Noh listened, and in a marvelous stretch of golf last month that makes her one of the hottest players in the sport, she delivered on Stone’s prediction.

Her play was so good over three consecutive weeks – victories in the Girls Junior PGA Championship, the U.S. Girls’ Junior Championship and the Canadian Women’s Amateur Championship – even Stone was a bit surprised everything in her game coalesced so well.

“It’s been trending the right way,” said the Alameda, Calif.-based coach, “but three in a row was big.”

Noh’s hot streak, preceded by her second victory in the California Girls’ State Championship in late June, places her at the forefront of players to watch this week in the 118th U.S. Women’s Amateur at The Golf Club of Tennessee, a golfer with momentum after what already has been a summer to remember. She is making her second U.S. Women’s Amateur appearance, having lost in the Round of 64 two years ago to Nasa Hataoka, of Japan, now a young star on the LPGA Tour.

“I’m liking where my game is right now. I’m pretty confident,” Noh said. “This is what I’ve been working toward. Everything is paying off from the hard work and setting my goals high.”

The rising high school senior from Concord, where parents Brian and Kim run a Japanese fusion restaurant – a sushi roll is named for Yealimi, although she prefers cooked seafood – is on a fast career track, with plans to turn professional sometime in 2019. Noh has already earned a spot in next year’s U.S. Women’s Open at the Country Club of Charleston (S.C.) by virtue of her U.S. Girls’ Junior victory, provided she remains an amateur.

“The only way you become the best is to beat the best,” Stone said. “I sat her down and said, if turning pro early is something you want to do, you’ve got to start winning stuff.”

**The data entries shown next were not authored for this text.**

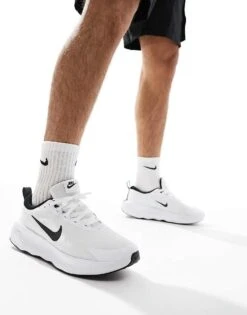 Nike Training Legend Essential 4 Trainers In White And Black For Men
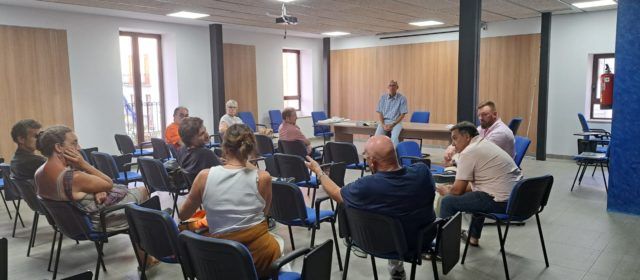 El Ayuntamiento de Sant Jordi se reúne con empresarios turísticos para presentar propuestas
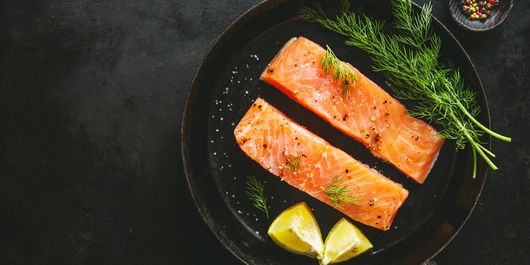 Trucul pentru cel mai bun somon la tigaie. Ce secret folosește bucătarul Gordon Ramsay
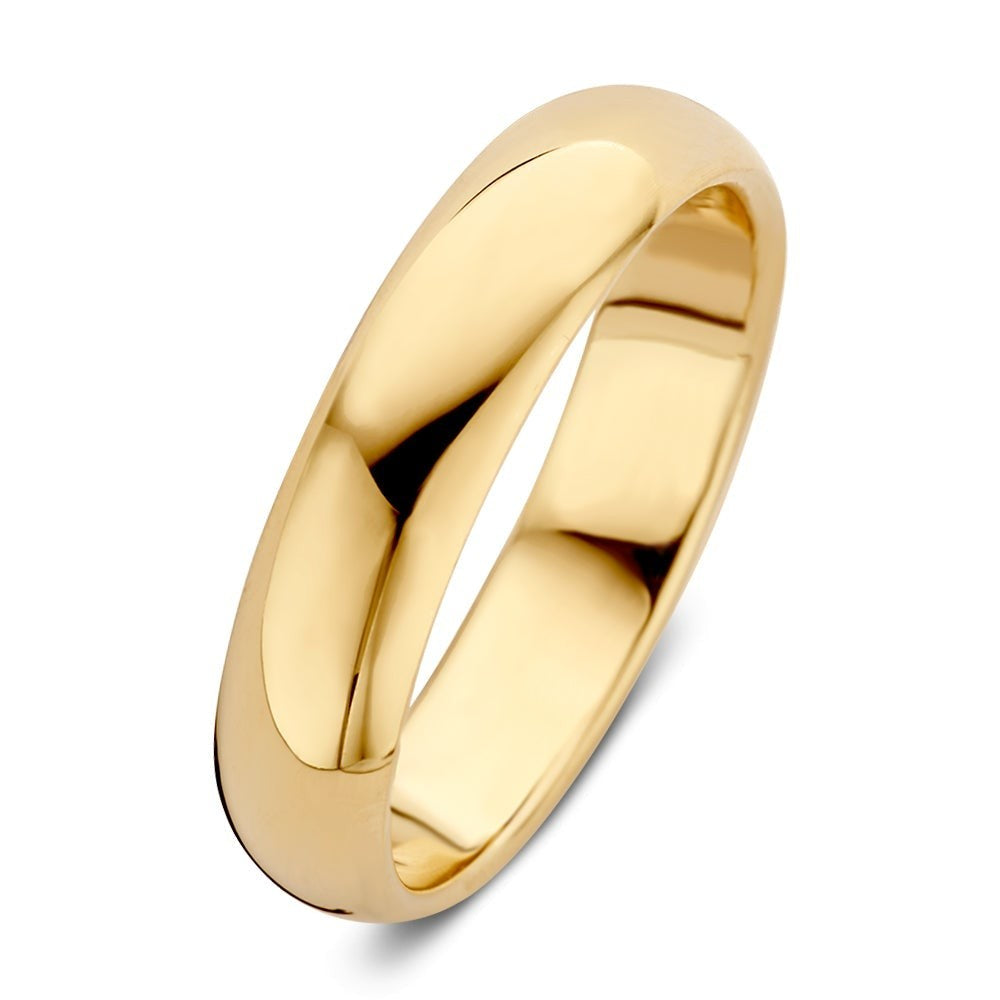 Anillo de oro amarillo de 5 mm, con acabado pulido y forma sencilla.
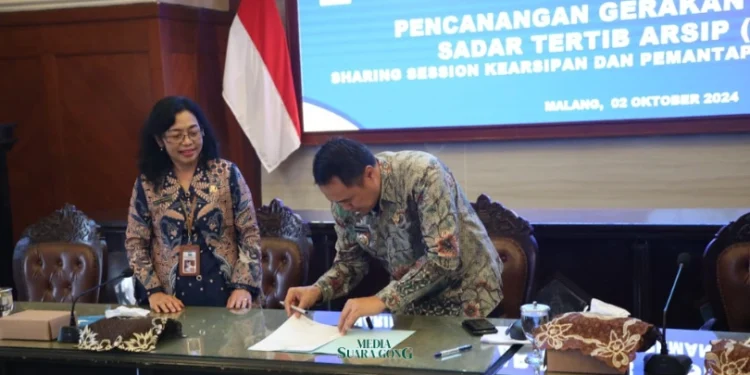 Pj. Wali Kota Malang Tandatangani Komitmen Tertib Arsip (Prokopim/Media Suaragong)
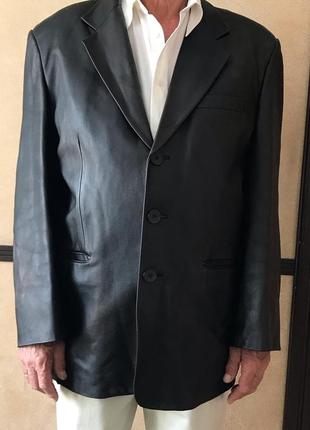 Шкіряний демісезонний піджак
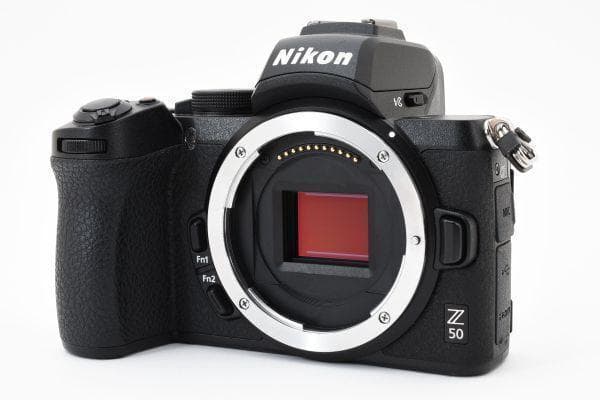【美品】ニコン Nikon Z50 ミラーレスカメラ《ショット数9790回》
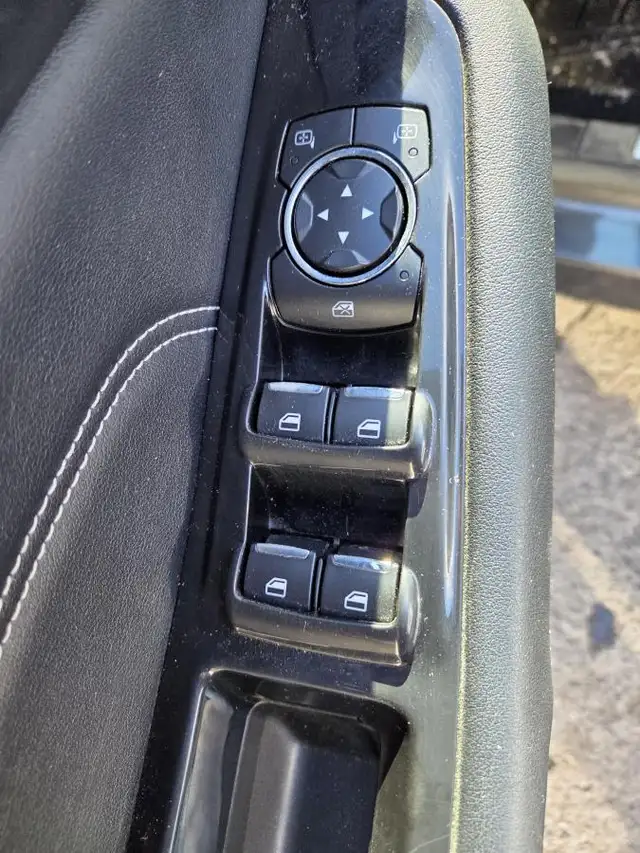 Ford Edge TITANIUM 2015 TITANIUM TOIT PANO NAV CUIR BAS KILO - Photo 17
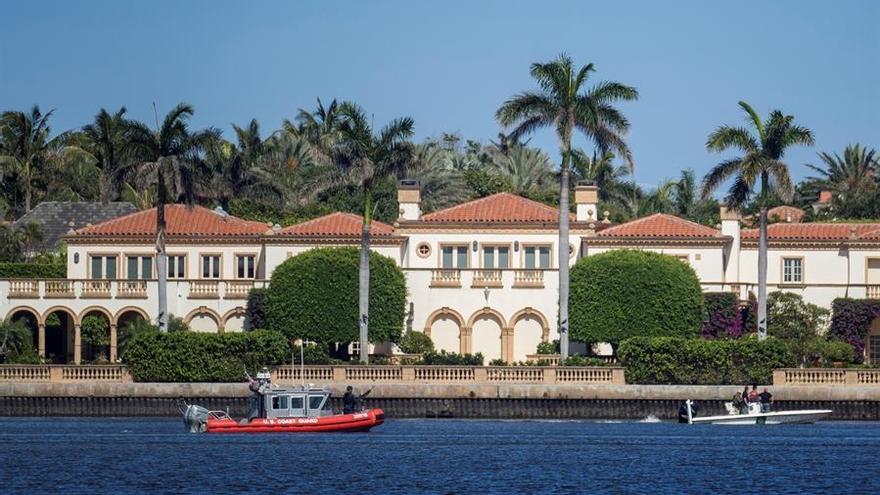 En la imagen el registro de un bote de la Guardia Costera estadounidense estacionado frente al club Mar-a-Lago, mansión del presidente Donald Trump, en Palm Beach (Florida, EE.UU.).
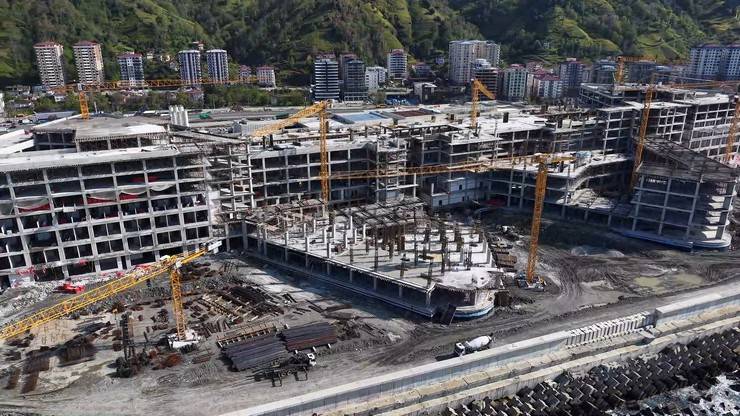 Rize Şehir Hastanesi inşaatı hız kesmeden devam ediyor 8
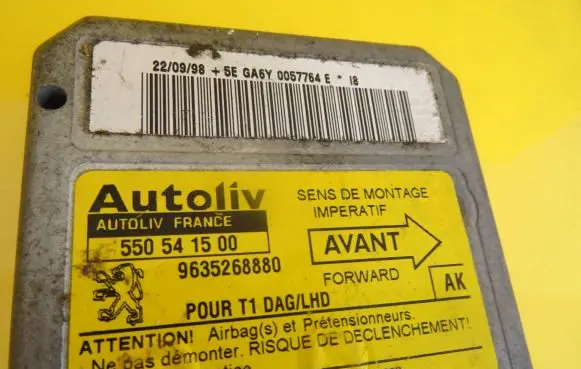Peugeot 206 Airbag control unit/module 9635268880 550541500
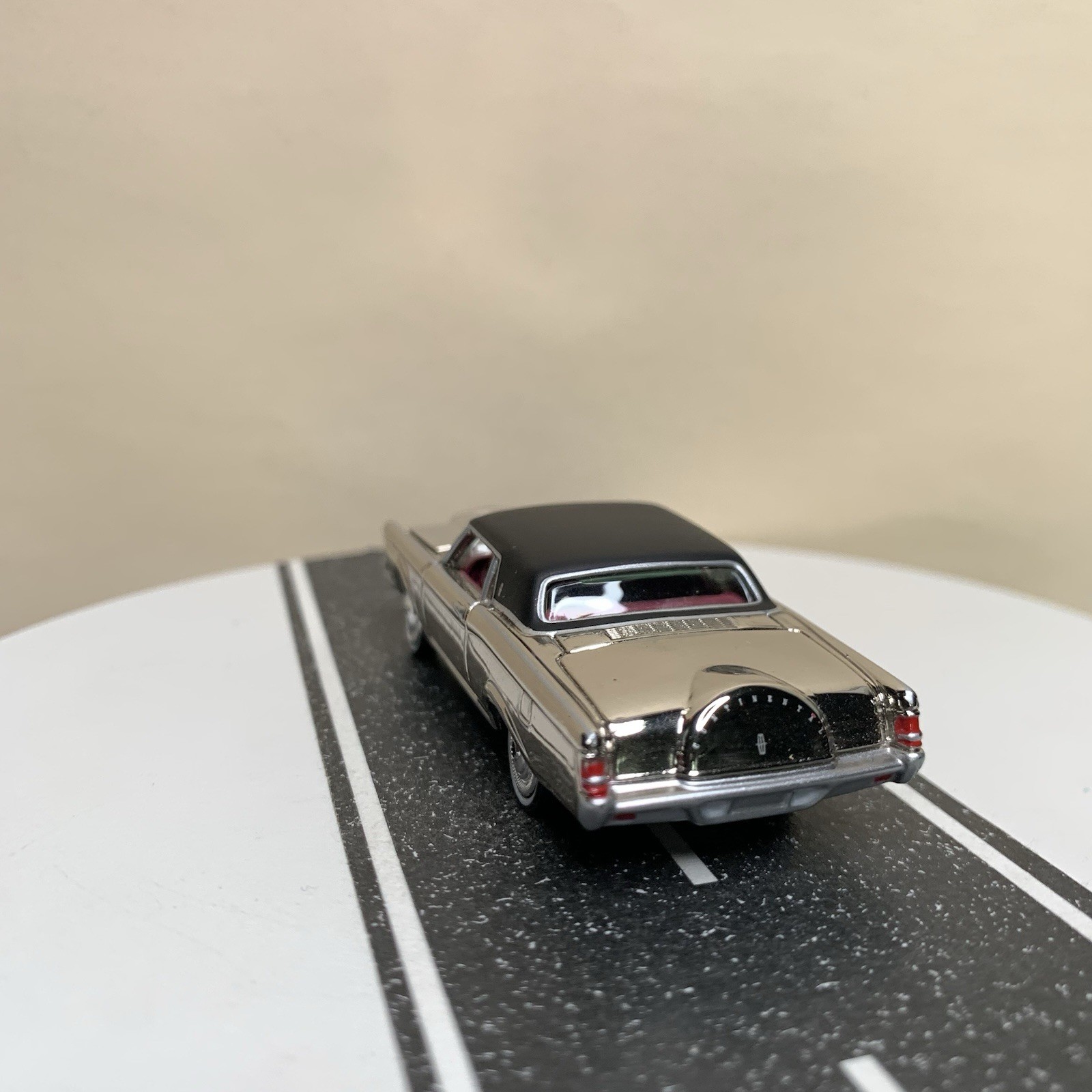 Johnny Lightning Classic Gold 1969 Lincoln Continental Mark III Chrome 1:64 NM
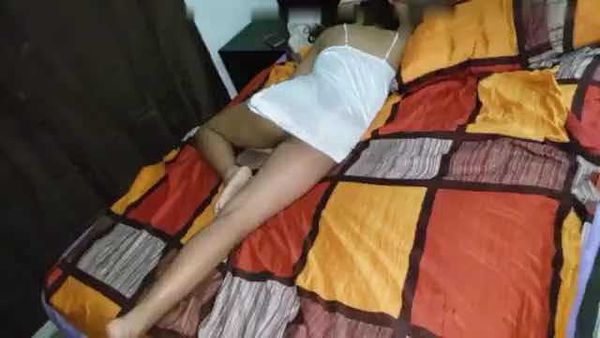 乱伦迷奸自己的妈妈禽兽小伙给妈妈下迷药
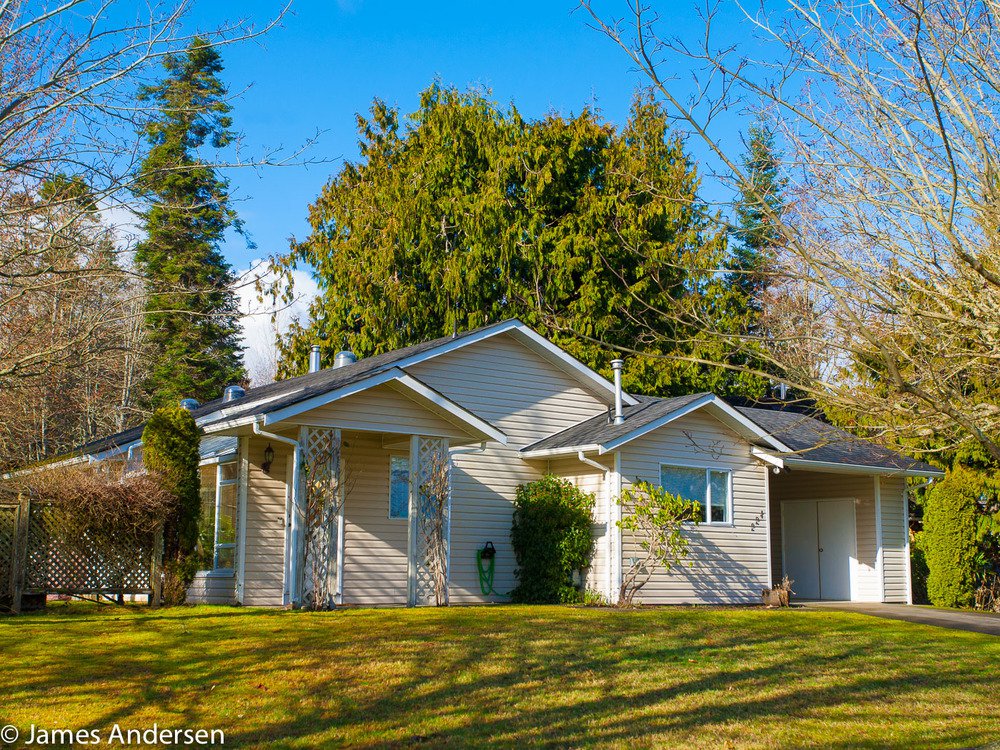 Main Photo: 224 Higson Cres in Qualicum Beach: House for sale : MLS®# 404242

Noh, who turned 17 on July 26, closed out 2017 by winning the Joanne Winter Arizona Silver Belle Championship, a high-caliber event that boasts champions such as five-time major winner and 2004 U.S. Women’s Amateur Public Links champion Yani Tseng and long-hitting Angel Yin, the runner-up in the 2015 U.S. Girls’ Junior. Earlier this season, Noh won the Hana Financial Group Se Ri Pak Junior before starting her summer tear.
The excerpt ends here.